Isaac Vanduyn 2006-12-27
0 of 13 people found the following review helpful:
I don't know why, but Transmetropolitan never really GRABBED me and held on. I read the entire series based on an overwhelming amount of recommendations from friends, and now that I've finished it, I can't say I'm extremely impressed. Warren Ellis creates a character that is often amusing, but never very realistic or human. I stuck with it through all ten volumes hoping there would be some sort of change towards the epic, but it never materialized for me.

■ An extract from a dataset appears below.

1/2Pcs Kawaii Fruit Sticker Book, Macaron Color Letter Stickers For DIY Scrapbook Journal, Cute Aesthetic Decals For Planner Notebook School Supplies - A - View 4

I am a big fan of many other long-form comic series, which is why this came so highly recommended to me. My favorite comic series is definitely Garth Ennis' nine-volume Preacher epic. Transmet and Preacher share a lot in surface commonality. They are both profane, they are both violent, they both explore the extreme boundaries of culture. The difference is that Preacher has heart, and I am left unconvinced that Transmetropolitan has anything besides an amusing main character and several phrases the author evidently thinks are extremely catchy ("filthy assistants" being the main example). The storylines never evolve beyond the episodic, and the authors attempts to force the transformation do not work well.
Definitely give Transmetropolitan a chance, as there is a lot here to love, but if you aren't immediately hooked by the thin first volume, don't expect yourself to like it more as the series progresses. It doesn't change, and that, I think is why for me it is imperfect.